No, I am just saying that "duck typing" is bound to win in breadth/reach
scenarios.  There is simply too much transactional friction in all of
the type assessment and mapping to ensure broad deployment outside of
enterprise scenarios.

> -----Original Message-----
> From: Henry Story [mailto:henry.story@bblfish.net]

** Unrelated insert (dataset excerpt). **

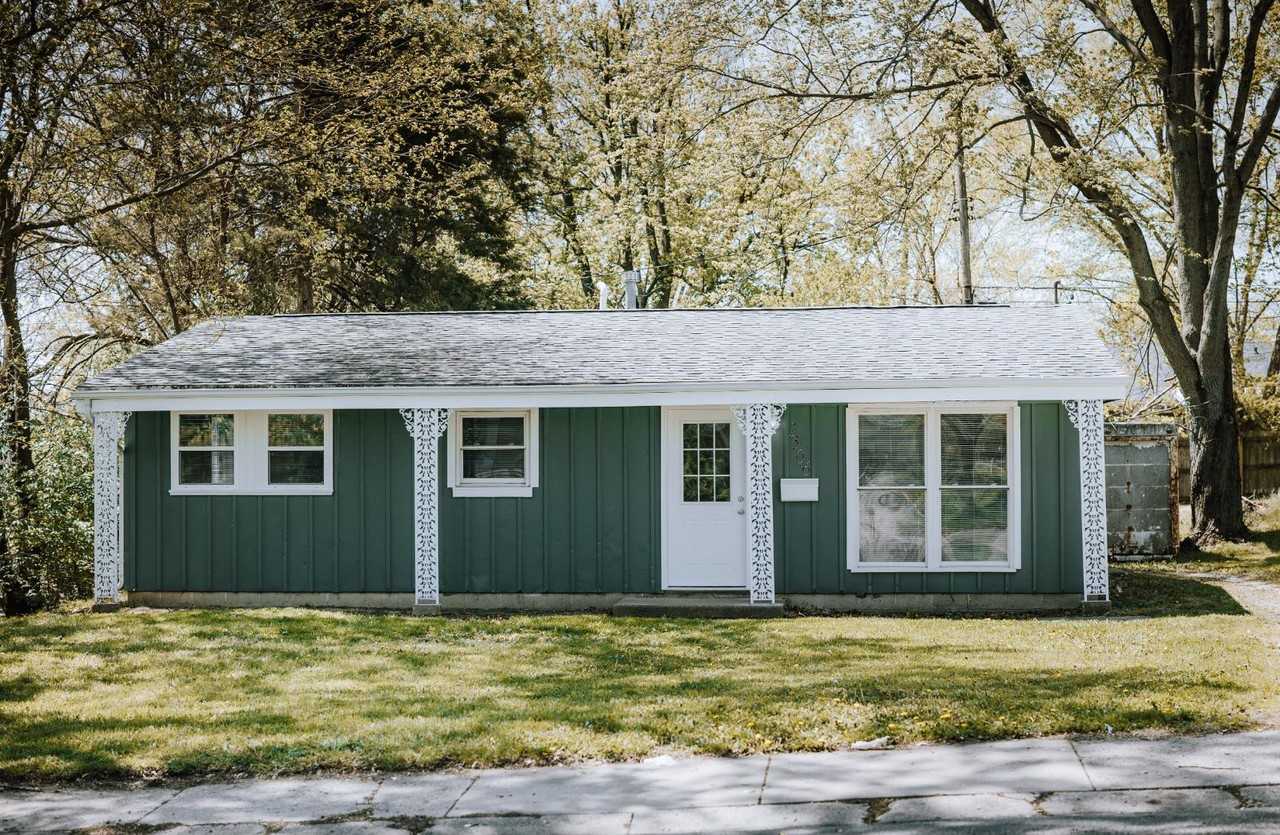 1506 Crestview Drive - Photo 2 of 17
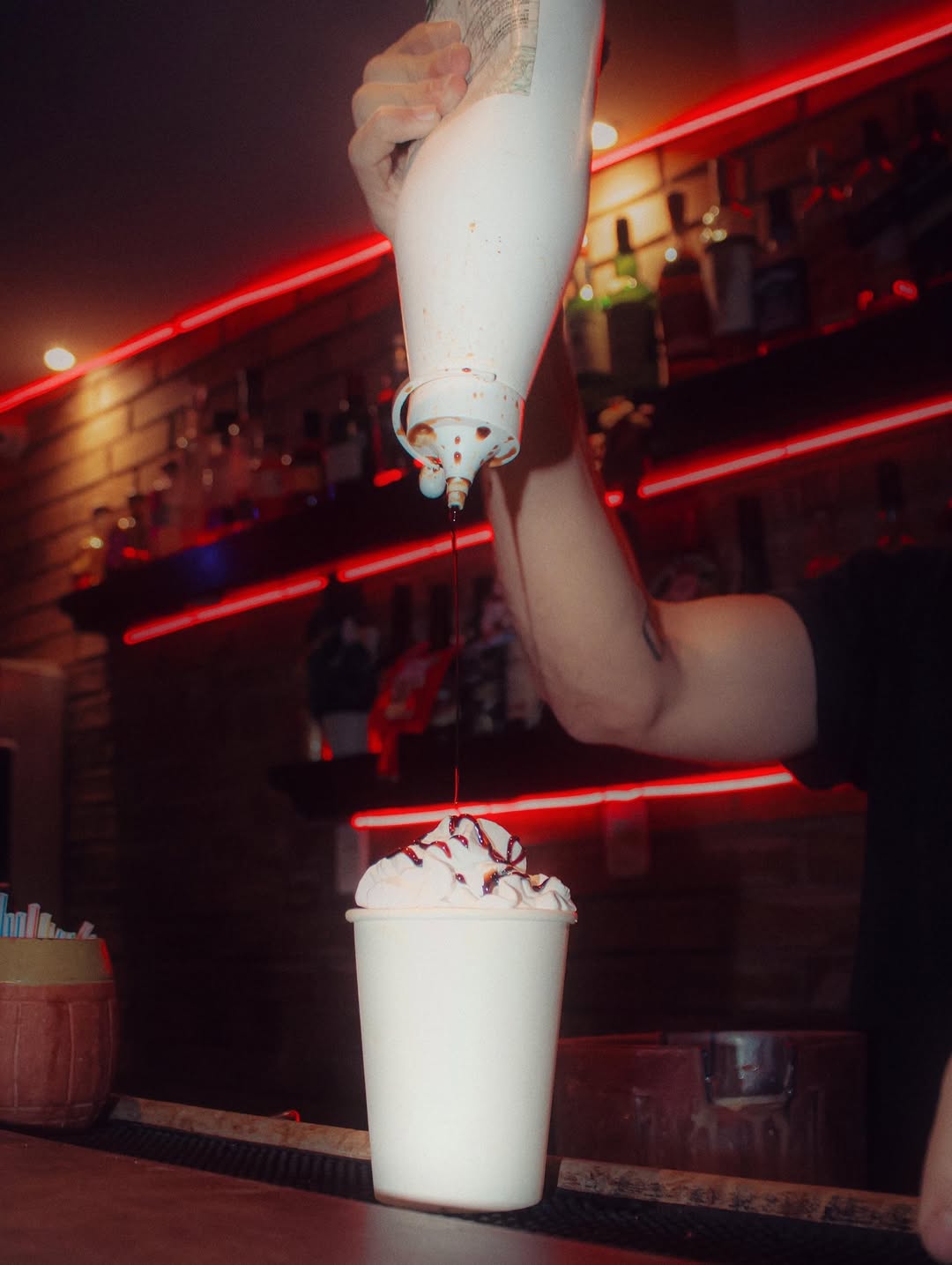 La Botija: appealing shot of drink preparation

> Sent: Tuesday, December 20, 2005 1:28 PM
> To: Joshua Allen
> Cc: Frank Manola; semantic-web@w3.org
> Subject: Re: How will the semantic web emerge
> 
> Oh, you are worried about typing because it may lead you to have to
> make decisions about which authority to trust. That is a problem of
> database consistency not of typing. If two people say something
> different about someone, such as
> 
> :p rdf:type x:thief.
> 
> and another says
> 
> :p rdf:type x:honest.
> 
> You will need to decide what you should add to your database. And
> there will always be many ways you can render your database
> consistent. You can either reject one or the other proposals, or
> reject the proposal that a man cannot be both honest and a thief.
> 
> This is not a problem with typing. Its a problem about which
> statements you decide to accept and how you decide to keep your
> database consistent. The semantic web leaves that open for you to
> decide. You will have this problem by the way whether you have typing
> or not. As long as you have statements that can be contradictory -
> and unless you have those you won't be able to say anything
> interesting - this problem will appear.
> 
> 
> Henry
> 
> On 20 Dec 2005, at 22:05, Joshua Allen wrote:
> >> More generally, it depends on your general approach to describing
> > things
> >> on the Web.  You can use RDF with a kind of object-oriented design
> >
> > Frank,
> >
> > Your entire message described the debate precisely -- I think of it
as
> > O-O versus Lisp.  I think that the O-O style (strongly typed) will
> > never
> > be the mainstream.  For semweb to be as commonplace as WWW, we need
> > bare
> > naked triples, like lisp.  Just as I can hyperlink to a page,
whether
> > that page is valid, alive, or ever existed; I must be able to read a
> > predicate, whether that resource is properly typed or not.